Das Rätsel Warhol
Zum dreißigsten Todestag von Andy WarholDas Rätsel Warhol
Vor dreißig Jahren, am 22. Februar 1987, starb ANDY WARHOL, der berühmteste Vertreter der Pop Art. Hinterlassen hat er uns eine widersprüchliche Biographie, unvergessliche Werke und eine zentrale Frage: Wie kann eine so dezidiert oberflächliche Kunst aus einer tiefreligiösen Seele kommen?
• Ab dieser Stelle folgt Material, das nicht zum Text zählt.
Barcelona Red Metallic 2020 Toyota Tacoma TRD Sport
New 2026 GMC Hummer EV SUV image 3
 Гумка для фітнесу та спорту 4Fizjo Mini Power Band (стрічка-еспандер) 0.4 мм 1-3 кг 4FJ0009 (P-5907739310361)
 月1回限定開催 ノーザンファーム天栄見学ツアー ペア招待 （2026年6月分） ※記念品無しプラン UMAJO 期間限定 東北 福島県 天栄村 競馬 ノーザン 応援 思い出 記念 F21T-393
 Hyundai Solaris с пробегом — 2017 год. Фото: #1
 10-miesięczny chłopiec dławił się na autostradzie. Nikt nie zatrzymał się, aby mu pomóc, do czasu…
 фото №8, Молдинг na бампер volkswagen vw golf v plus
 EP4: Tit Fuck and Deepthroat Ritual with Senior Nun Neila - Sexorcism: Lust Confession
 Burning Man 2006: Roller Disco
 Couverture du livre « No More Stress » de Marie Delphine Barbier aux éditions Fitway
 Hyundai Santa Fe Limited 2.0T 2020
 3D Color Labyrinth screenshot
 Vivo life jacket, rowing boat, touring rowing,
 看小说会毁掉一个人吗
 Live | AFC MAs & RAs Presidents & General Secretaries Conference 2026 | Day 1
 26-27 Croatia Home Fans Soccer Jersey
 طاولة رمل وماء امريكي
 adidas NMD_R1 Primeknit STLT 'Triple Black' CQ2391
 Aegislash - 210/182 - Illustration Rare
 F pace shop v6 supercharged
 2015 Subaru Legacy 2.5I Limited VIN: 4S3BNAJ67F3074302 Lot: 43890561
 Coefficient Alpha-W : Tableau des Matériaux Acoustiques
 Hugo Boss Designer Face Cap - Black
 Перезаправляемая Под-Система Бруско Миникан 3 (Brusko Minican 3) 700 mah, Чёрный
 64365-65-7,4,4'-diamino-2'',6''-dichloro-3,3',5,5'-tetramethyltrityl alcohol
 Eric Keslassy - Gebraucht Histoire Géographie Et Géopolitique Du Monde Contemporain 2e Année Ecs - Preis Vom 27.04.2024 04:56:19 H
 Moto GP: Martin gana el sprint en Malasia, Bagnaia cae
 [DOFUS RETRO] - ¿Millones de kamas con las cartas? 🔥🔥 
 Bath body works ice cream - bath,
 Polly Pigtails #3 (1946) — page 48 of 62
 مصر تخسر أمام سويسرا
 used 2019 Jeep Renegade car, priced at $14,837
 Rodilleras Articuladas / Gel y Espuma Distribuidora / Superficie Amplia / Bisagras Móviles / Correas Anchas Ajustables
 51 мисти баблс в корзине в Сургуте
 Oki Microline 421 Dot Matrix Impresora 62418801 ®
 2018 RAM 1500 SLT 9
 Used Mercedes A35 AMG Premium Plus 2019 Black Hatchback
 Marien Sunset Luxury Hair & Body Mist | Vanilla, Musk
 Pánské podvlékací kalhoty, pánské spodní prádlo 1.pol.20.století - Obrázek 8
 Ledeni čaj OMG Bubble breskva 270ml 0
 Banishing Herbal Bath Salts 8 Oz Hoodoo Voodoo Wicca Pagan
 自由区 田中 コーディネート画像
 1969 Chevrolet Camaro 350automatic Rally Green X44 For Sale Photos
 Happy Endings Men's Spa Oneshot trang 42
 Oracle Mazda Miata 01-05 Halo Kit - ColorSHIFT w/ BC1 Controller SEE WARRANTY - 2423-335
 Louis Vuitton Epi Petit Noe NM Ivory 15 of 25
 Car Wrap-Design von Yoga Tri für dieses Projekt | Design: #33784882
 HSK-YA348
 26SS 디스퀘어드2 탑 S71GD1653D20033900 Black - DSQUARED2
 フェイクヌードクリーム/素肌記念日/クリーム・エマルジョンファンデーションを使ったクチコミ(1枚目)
„Im Augenblick seines Todes, der ihn im Alter von 59 Jahren ereilte, am 22. Februar 1987, war Andy Warhol für viele kaum mehr als die Parodie eines Künstlers“, schrieb Jerry Saltz in der New York Times. „Man sah in ihm einen Parasiten der Gesellschaft, der auf dem Rücken jüngerer Künstler lebte. Ein verbrauchtes Individuum, zu exponiert und zum Mythos seiner selbst geworden, ein Night Club Künstler, der mit Liza Minelli herumzog und gegen Geld Porträts berühmter Menschen herstellte. Dann starb er, und plötzlich nahmen seine mondäne Erscheinung, die Fotos, Fernsehshows, Filme, Zeitschriften, ja sogar die Gemälde, die viele Menschen immer mit Misstrauen betrachtet hatten, Leben und Gestalt an. Ich frage mich: Wie kommt es, dass Warhol als Toter mehr respektiert wird als zu seinen Lebzeiten?“
Genau dreißig Jahre nach dem Tod des Pope of Pop kann man auf diese Frage verschiedene Antworten geben. Eine besteht darin, sich anzuschauen, was wenige Tage nach seinem Ableben im Trauergottesdienst für Warhol in der Saint Patrick’s Cathedral von New York geschah. Die Trauerrede hielt der Kritiker John Richardson, der nicht nur verriet, dass der Künstler regelmäßig als Freiwilliger bei einer Suppenküche mitgeholfen hatte, sondern auch, dass er griechisch-katholisch getauft war und bis ans Ende seiner Tage in die Kirche ging, zur Sonntagsmesse und auch unter der Woche, um zu beten. „Wer von euch ihn in einer Umgebung kennengelernt hat, die das genaue Gegenteil dieser Spiritualität war, der wird von dieser Facette Warhols überrascht sein“, sagte Richardson vor der in großer Zahl versammelten Prominenz. „Aber diese Facette gab es unbedingt – und sie ist der Schlüssel zum Geist dieses Künstlers.“
Viele sahen das Œuvre Warhols von da ab in neuem Licht. Durch sein Verwirrspiel hat er selbst zu dieser Fehleinschätzung beigetragen. „Nehmt Andy nicht beim Wort“, empfahl Richardson. Heute, nach dreißig Jahren, hat sich das, was so rätselhaft schien, immer noch nicht vollends aufgeklärt. Wie kann eine gewollt oberflächliche Kunst authentischer Ausdruck einer tiefreligiösen, um nicht zu sagen katholischen Seele sein?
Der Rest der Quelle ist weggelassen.